Susan Collins, executive director for the Container Recycling Institute, praised the bill's container deposit system and called it a "powerful incentive" for industry. Yvette Arellano, a policy researcher with the Texas Environmental Justice Advocacy Series, emphasized the legislation's focus on environmental justice and communities impacted by proximity to petrochemical plants.
But for some waste and recycling industry players, one major distinction could spell the difference between support and opposition.
Two archetypal EPR models currently exist in Canada, associated with two different provinces, Québec and British Columbia. The Québec model relies more on pre-existing systems and infrastructure, with producers reimbursing local municipalities for costs incurred. The British Columbia model implements a system where producers are largely in charge of the full process, from production to recycling.
The waste and recycling industry has largely resisted any system that could undermine current contracts and agreements with municipalities, as they believe the second model does. That model has generated pushback from nonprofits concerned about corporate control, such as the Institute for Local Self-Reliance.
The Break Free From Plastic Pollution Act favors the British Columbia approach, Scott Cassel, PSI's CEO and founder, told Waste Dive.
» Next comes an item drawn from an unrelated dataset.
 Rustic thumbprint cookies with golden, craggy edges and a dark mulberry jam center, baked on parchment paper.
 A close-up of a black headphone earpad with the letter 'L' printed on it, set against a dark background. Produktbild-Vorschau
He argued that system will shift the burden away from taxpayers and said municipalities would still have options under the legislation, especially given how many pre-existing systems they currently have.
"This acknowledges that there can be some transitions that can take place over time," he said.
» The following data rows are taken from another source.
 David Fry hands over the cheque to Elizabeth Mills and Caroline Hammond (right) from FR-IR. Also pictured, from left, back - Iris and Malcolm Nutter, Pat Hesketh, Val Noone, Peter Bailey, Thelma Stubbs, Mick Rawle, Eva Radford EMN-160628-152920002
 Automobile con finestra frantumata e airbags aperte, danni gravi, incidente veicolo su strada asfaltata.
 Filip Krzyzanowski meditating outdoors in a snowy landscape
Proponents of the producer-driven approach also maintain such a system creates a more level playing field. At present, they say, some companies commit to stricter standards on a voluntary basis, which can put them at a disadvantage — something the Udall-Lowenthal legislation seeks to rectify. Cassel also said the bill has led to some positive industry dialogue already, including significant time working out details with the Flexible Packaging Association.
Recycling industry veterans have expressed mixed predictions for the new bill's odds in Congress, given anticipated opposition from industry players and the existence of many other legislative priorities in an already busy election year. But Udall said he expects to see state and local governments "start replicating" the bill, allowing it to build momentum with or without passage at the federal level. He even signaled support for those efforts could be bipartisan.
"The way we look at it is, the federal legislation is the mirror and consistent with what's going on in the states," said Cassel. "We see them as complementary."
This national discussion could factor into similar EPR proposals already advancing at the state level, including an upcoming bill in Maine that favors a Québec approach and has some potential buy-in from the waste industry. Vermont, California, Massachusetts, Oregon, Washington, Indiana, New York and Connecticut are also considering – or are set to consider – their own EPR policies in the near future.